» **Exercise goal**
Would you please transcribe, exactly as written, the lines of the entries below starting at the one that holds "Texturerat rosa tyg" and ending at the one that holds "NWOT DKNY Halter", both included?

» **The input**

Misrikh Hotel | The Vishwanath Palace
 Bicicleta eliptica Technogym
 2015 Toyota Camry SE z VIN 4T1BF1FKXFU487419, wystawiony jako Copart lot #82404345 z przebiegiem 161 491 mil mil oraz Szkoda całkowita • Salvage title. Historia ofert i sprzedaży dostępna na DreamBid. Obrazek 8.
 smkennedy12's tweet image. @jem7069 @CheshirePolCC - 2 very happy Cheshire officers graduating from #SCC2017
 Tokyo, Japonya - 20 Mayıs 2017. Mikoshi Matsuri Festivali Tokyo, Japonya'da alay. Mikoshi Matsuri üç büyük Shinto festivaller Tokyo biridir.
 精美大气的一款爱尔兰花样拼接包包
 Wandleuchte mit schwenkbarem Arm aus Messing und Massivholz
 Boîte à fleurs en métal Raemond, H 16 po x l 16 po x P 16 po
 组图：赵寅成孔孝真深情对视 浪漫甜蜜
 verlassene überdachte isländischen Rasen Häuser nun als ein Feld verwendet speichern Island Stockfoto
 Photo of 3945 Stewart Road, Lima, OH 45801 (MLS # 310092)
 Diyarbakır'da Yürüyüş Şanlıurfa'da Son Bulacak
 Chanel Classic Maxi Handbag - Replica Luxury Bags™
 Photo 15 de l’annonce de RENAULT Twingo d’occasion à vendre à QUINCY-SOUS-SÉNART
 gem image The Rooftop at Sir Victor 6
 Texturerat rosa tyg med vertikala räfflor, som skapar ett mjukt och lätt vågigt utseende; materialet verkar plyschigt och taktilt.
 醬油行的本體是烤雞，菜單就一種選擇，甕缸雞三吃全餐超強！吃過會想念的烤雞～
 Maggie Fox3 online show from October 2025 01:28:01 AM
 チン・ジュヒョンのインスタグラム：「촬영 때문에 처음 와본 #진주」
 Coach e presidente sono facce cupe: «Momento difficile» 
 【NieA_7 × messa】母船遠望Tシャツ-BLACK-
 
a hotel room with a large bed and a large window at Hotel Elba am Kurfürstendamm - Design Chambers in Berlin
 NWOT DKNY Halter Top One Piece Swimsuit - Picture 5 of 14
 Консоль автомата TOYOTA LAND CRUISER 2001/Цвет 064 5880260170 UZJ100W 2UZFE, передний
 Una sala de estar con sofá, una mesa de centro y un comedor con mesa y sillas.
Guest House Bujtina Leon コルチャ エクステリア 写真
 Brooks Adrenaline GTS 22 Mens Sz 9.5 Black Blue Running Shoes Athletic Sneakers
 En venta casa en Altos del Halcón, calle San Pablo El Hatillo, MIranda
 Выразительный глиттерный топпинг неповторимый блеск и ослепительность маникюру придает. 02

» **Written response**
 Texturerat rosa tyg med vertikala räfflor, som skapar ett mjukt och lätt vågigt utseende; materialet verkar plyschigt och taktilt.
 醬油行的本體是烤雞，菜單就一種選擇，甕缸雞三吃全餐超強！吃過會想念的烤雞～
 Maggie Fox3 online show from October 2025 01:28:01 AM
 チン・ジュヒョンのインスタグラム：「촬영 때문에 처음 와본 #진주」
 Coach e presidente sono facce cupe: «Momento difficile» 
 【NieA_7 × messa】母船遠望Tシャツ-BLACK-
 
a hotel room with a large bed and a large window at Hotel Elba am Kurfürstendamm - Design Chambers in Berlin
 NWOT DKNY Halter Top One Piece Swimsuit - Picture 5 of 14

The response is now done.